┌──

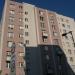 Wojska Polskiego Avenue, 37 in Warsaw city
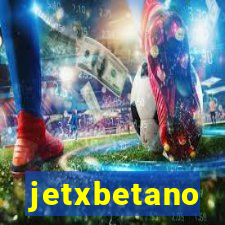 jetxbetano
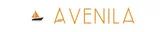 Avenila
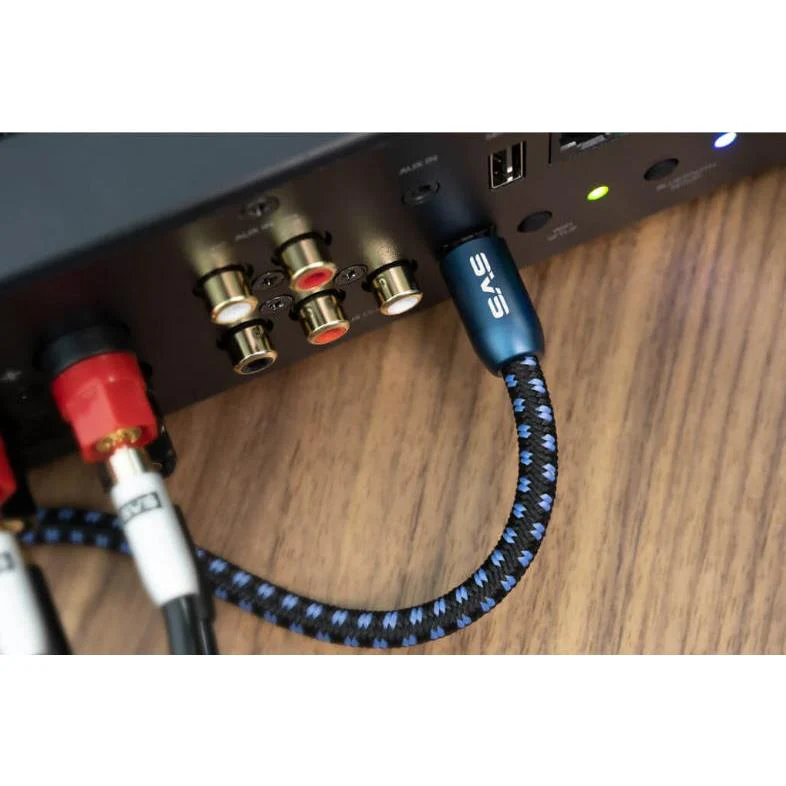 SVS Soundpath Digital-Optical Cable - 1M - Image 4
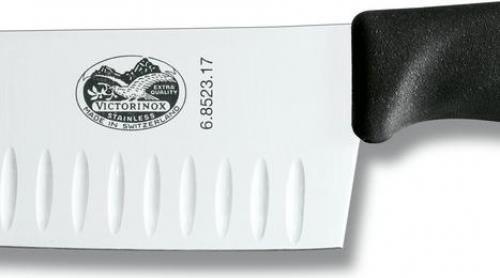 Immagine prodotto Victorinox Swiss Classic (17 cm)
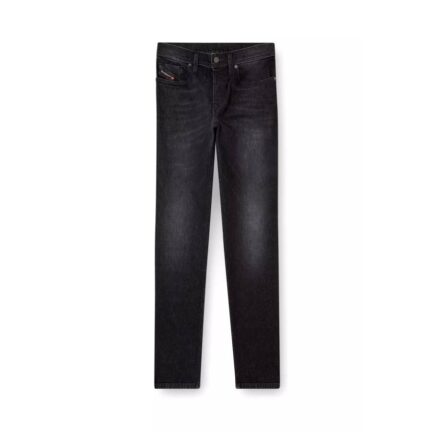 Regular Jeans 2023 D-Finitive 0DBDT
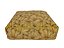 Cama para Cachorro Impermeável Acquablock Bananas - Imagem 3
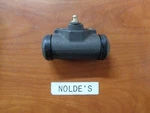 BRWC-35 Ford Motorcraft Wheel Cylinder Sam 059 DS754 B1. Fixed Price $35.00.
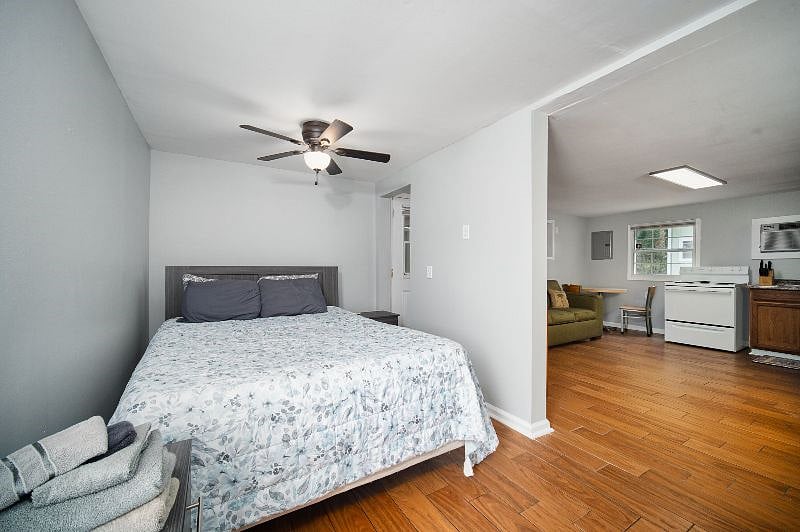 Furnished Finder property 560171_1 photo 12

└──

▶ **Your assignment**
Restate word for word the lines from the one holding "BRWC-35 Ford Motorcraft" down through the last line of the records above, and do not include the pictures.

▶ **Solution to this problem**
 BRWC-35 Ford Motorcraft Wheel Cylinder Sam 059 DS754 B1. Fixed Price $35.00.
 Furnished Finder property 560171_1 photo 12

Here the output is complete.